Carlyon R P
MRC Applied Psychology Unit, Cambridge, England.
J Acoust Soc Am. 1996 Jan;99(1):517-24. doi: 10.1121/1.414510.
A series of experiments investigated listeners' ability to encode the fundamental frequency (F0) of a group of harmonics (the "target") in the presence of a second, spectrally overlapping, group (the "masker"). Experiment 1a was a sequential F0 discrimination task between two targets, whose F0s were geometrically centered on 210 Hz, in the presence of a 210-Hz masker.

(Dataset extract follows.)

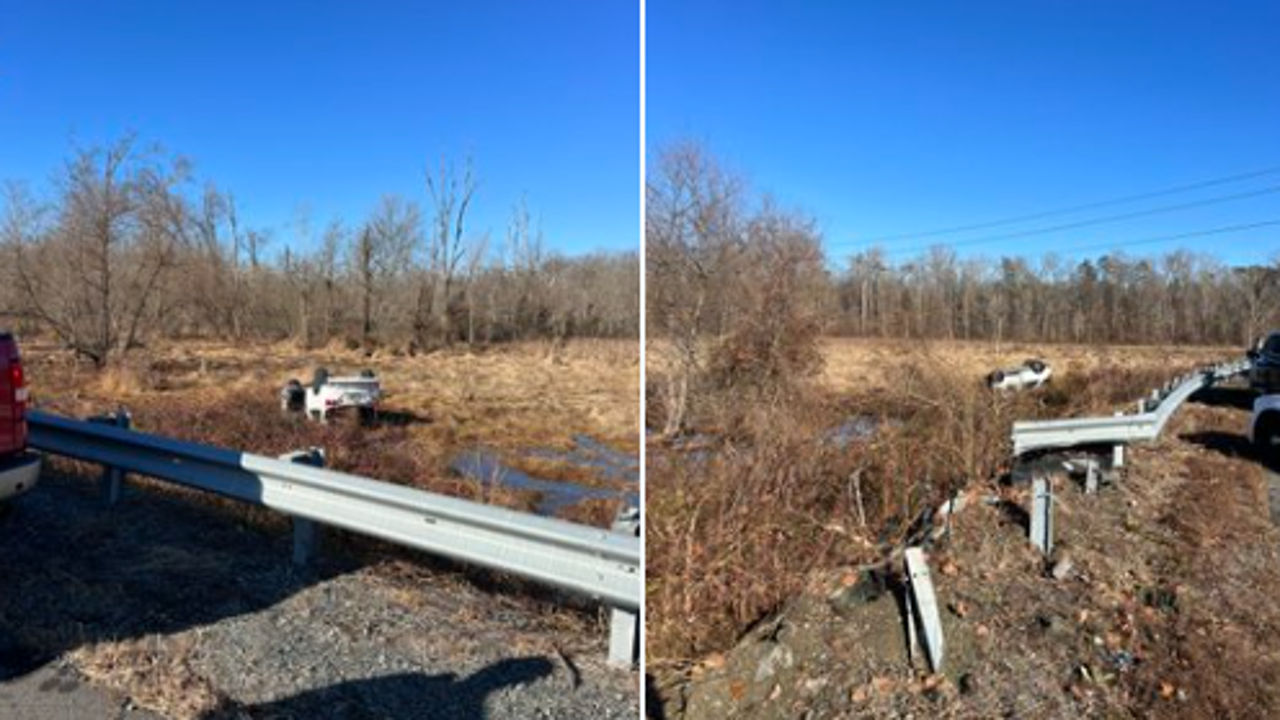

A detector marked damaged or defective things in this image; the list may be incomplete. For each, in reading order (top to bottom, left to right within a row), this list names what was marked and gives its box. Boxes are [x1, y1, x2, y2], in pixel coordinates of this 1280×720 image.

The target and the masker were bandpass filtered identically, either from 20 to 1420 Hz ("low-frequency" condition) or from 3900 to 5400 Hz ("high-frequency" condition). In the low-frequency condition the masker affected performance only moderately, regardless of whether it was gated synchronously with, or was turned on 150 ms before and off 150 ms after, each 200-ms target. In the high-frequency condition, the synchronous masker also had a moderate effect, but the asynchronous masker reduced performance dramatically. Whatever the masker gating, listeners did not hear the combination of the masker and target in this region as a mixture of two complex tones, but experienced a unitary noiselike or "crackle" percept. Experiment 1b showed that the large deterioration seen in the high-frequency condition of experiment 1a could be obtained in the low-frequency condition by reducing the F0 to 62.5 Hz, suggesting that the resolvability of adjacent harmonics was important for the effect. Experiment 2 required listeners to detect a difference in F0 ("delta F0") between two simultaneous groups of components, one filtered in the high region and the other in the low region. Performance was only slightly degraded by a continuous masker filtered in the low region, but was reduced to chance by a masker in the high region. Experiment 3 showed that, as the delta F0 between a masker and a target in the low region increased from 1% to 8%, listeners identified the mixture as sounding progressively "less fused," but this was not the case in the high region. It is concluded that listeners are poor at extracting the F0s of two groups of unresolved harmonics in the same frequency region. The experiments provide no evidence that listeners can use the leading part of an asynchronous masker to identify its F0 and thereby help extract the target's F0 from the mixture.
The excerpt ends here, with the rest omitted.